Geography might explain why the ancient hominins were early risers. Early humans lived in Africa, fairly close to the Equator, where the duration of days and nights stays roughly the same over the course of the year. But Neanderthals and Denisovans moved into higher latitudes, where the day became longer in the summer and shorter in the winter. Over hundreds of thousands of years, their circadian clocks may have adapted to the new environment.
When modern humans expanded out of Africa, they also faced the same challenge of adapting to higher latitudes. After they interbred with Neanderthals and Denisovans, some of their descendants inherited body-clock genes better suited to their new homes.
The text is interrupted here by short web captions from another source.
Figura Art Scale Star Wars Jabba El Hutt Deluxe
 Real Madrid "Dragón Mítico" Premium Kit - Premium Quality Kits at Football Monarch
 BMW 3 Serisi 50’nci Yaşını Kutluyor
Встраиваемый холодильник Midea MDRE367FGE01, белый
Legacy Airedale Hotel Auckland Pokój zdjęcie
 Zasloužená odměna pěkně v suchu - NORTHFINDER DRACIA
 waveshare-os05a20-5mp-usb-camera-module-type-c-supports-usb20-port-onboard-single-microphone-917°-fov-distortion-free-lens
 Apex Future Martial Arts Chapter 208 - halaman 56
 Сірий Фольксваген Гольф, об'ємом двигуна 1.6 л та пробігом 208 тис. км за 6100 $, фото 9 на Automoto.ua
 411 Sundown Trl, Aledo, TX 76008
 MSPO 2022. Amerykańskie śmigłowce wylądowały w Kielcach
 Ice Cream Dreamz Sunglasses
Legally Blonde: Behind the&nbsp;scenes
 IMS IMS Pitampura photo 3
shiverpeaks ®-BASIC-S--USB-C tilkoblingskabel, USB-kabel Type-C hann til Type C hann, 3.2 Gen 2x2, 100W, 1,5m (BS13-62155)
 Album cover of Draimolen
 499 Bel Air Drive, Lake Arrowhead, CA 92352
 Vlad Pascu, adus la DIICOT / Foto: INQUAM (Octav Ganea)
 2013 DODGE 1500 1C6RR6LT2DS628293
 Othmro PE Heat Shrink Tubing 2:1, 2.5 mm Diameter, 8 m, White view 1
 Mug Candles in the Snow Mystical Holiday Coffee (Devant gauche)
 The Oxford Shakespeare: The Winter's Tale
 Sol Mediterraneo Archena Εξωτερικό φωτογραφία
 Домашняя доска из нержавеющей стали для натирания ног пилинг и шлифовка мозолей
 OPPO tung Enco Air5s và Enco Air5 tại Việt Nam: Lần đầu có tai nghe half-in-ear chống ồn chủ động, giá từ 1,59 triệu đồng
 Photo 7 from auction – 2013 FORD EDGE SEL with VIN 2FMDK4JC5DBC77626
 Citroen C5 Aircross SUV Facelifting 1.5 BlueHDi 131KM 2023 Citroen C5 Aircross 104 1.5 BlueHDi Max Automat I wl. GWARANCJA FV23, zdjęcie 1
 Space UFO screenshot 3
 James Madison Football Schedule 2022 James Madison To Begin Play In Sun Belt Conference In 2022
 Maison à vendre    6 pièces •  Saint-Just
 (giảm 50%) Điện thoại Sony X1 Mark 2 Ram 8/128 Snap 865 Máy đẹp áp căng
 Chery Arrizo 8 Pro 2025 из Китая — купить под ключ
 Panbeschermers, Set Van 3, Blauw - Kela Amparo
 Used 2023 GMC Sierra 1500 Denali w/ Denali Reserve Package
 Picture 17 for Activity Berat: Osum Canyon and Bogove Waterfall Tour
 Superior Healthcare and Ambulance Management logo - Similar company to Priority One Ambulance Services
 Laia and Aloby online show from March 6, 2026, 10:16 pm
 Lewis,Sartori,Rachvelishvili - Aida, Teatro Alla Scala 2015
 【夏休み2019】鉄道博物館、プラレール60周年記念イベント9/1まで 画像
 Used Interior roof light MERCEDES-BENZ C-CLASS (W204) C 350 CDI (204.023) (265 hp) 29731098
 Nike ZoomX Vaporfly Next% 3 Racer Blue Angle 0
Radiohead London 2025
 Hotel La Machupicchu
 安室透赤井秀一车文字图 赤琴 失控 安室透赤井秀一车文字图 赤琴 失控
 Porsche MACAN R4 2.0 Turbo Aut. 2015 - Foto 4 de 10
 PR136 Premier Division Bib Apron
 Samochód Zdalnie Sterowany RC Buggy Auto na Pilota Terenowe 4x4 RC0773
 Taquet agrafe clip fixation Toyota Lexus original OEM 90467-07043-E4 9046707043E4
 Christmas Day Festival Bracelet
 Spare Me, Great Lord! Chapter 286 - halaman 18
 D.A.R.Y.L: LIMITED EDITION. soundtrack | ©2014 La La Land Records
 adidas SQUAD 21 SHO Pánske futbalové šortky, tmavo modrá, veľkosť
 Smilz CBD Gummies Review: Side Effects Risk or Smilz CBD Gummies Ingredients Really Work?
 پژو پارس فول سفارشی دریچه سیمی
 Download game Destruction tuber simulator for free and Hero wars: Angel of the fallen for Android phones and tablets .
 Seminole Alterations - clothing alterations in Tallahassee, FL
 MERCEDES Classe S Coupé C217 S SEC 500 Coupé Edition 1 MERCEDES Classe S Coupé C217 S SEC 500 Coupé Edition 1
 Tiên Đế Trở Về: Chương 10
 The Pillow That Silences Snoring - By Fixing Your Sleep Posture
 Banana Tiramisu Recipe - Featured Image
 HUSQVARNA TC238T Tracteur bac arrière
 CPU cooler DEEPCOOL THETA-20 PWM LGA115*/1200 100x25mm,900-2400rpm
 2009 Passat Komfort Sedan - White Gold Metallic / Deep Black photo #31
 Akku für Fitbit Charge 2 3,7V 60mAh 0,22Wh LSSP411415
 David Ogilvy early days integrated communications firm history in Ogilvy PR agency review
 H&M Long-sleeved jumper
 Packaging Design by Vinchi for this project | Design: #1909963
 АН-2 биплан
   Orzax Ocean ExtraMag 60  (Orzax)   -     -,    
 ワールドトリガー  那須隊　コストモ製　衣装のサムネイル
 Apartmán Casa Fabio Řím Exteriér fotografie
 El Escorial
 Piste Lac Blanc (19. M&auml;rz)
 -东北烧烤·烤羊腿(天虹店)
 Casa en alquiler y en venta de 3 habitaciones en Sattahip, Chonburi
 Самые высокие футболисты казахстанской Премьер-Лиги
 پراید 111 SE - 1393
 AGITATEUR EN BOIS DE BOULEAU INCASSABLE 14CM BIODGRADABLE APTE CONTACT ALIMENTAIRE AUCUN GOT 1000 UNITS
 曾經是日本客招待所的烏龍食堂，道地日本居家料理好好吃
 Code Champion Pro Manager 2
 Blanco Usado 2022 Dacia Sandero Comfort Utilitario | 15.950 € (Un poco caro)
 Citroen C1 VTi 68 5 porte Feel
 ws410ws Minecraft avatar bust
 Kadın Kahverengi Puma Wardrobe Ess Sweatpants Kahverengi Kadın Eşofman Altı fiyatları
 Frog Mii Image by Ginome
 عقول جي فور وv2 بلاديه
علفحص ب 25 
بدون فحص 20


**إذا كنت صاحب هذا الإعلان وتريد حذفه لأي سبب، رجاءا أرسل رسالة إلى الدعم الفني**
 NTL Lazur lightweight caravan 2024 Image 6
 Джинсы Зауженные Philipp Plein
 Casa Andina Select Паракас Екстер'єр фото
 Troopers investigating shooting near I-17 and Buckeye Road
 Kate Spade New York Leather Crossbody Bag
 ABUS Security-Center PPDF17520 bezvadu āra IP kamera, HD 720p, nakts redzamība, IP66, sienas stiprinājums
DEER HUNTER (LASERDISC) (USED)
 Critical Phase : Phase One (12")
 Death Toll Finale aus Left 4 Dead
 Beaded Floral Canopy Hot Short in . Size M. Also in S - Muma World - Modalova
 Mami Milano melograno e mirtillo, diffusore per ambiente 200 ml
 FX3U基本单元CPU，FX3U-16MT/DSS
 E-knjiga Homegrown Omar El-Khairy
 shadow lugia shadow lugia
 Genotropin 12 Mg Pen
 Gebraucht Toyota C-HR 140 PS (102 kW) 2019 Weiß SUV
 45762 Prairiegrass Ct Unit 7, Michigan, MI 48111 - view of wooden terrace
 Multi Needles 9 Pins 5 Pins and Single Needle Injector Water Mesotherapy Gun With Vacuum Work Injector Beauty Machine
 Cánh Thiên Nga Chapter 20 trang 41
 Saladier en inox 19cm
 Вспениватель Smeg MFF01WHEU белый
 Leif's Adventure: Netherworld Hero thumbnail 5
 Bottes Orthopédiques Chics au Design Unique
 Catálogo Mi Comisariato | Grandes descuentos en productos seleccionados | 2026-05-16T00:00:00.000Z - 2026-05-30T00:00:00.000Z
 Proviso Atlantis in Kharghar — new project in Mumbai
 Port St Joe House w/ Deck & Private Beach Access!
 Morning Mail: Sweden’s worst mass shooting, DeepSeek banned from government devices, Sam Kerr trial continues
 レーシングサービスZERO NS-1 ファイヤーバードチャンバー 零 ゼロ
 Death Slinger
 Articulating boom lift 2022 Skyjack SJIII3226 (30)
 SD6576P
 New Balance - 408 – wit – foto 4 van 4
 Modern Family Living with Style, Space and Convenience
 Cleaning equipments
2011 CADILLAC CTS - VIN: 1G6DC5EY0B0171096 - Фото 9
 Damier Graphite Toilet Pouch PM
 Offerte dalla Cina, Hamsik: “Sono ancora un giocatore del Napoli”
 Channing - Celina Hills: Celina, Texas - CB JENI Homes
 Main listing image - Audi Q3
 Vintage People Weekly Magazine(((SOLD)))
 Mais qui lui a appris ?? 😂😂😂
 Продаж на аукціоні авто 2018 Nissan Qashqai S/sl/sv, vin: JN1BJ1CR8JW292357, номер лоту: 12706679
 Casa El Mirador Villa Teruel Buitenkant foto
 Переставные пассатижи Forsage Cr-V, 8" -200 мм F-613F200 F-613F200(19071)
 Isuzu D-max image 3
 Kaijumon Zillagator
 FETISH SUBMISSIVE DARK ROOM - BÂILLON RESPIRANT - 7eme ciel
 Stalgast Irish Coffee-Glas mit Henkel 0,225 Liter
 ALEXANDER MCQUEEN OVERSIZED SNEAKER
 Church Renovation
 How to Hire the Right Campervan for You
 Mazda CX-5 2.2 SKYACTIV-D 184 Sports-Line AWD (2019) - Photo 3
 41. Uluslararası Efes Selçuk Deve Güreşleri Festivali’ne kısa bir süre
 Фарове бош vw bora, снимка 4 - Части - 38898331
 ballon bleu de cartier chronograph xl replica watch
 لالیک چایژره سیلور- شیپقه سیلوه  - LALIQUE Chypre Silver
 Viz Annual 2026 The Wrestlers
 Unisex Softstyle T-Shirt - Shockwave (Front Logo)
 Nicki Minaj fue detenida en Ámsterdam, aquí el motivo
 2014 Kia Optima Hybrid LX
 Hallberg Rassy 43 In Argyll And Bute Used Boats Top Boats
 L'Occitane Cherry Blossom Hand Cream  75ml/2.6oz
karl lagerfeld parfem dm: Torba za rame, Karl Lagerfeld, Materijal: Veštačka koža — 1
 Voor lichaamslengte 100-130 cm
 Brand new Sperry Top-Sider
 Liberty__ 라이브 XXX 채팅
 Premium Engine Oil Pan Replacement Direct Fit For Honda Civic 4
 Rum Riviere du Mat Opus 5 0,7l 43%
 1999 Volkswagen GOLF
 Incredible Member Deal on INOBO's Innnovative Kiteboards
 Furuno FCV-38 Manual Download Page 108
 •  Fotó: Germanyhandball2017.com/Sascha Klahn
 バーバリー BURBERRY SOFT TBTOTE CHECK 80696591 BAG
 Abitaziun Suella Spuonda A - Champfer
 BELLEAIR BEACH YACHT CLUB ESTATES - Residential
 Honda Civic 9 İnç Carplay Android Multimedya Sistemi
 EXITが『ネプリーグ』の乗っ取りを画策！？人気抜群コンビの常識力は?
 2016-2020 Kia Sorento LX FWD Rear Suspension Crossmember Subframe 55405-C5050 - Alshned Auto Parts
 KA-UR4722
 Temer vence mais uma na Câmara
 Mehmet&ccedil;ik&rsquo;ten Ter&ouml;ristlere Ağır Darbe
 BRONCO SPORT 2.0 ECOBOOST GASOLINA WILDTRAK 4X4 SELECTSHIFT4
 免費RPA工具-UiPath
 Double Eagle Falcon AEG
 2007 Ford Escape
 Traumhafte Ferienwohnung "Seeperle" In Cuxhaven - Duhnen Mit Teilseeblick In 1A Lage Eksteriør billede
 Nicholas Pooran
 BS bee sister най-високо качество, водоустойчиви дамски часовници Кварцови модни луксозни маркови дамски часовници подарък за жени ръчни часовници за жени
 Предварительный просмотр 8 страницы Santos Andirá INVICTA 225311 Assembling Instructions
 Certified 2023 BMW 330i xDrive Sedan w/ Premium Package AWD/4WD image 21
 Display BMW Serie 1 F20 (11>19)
All of these conclusions, however, stem from a database limited to British people. Dr. Capra is starting to look at other databases of volunteers with other ancestries. If the links hold up, Dr. Capra hopes ancient body clocks can inspire some ideas about how we can adapt to the modern world, where circadian rhythms are disrupted by night shifts and glowing smartphones. These disruptions don’t just make it hard to get a good night’s sleep; they can also raise the risk of cancer, obesity and a host of other disorders.
Michael Dannemann, an evolutionary geneticist at the University of Tartu in Estonia who was not involved in the new study, said one way to test Dr. Capra’s variants would be to engineer various human cells in the lab so that their genes were more like those of Neanderthals and Denisovans. Then scientists could grow clusters of the cells and watch them go through their daily cycles.
“This step forward not only advances our knowledge of how Neanderthal DNA influences present-day humans,” he said, “but also offers a pathway to expanding our understanding of Neanderthal biology itself.”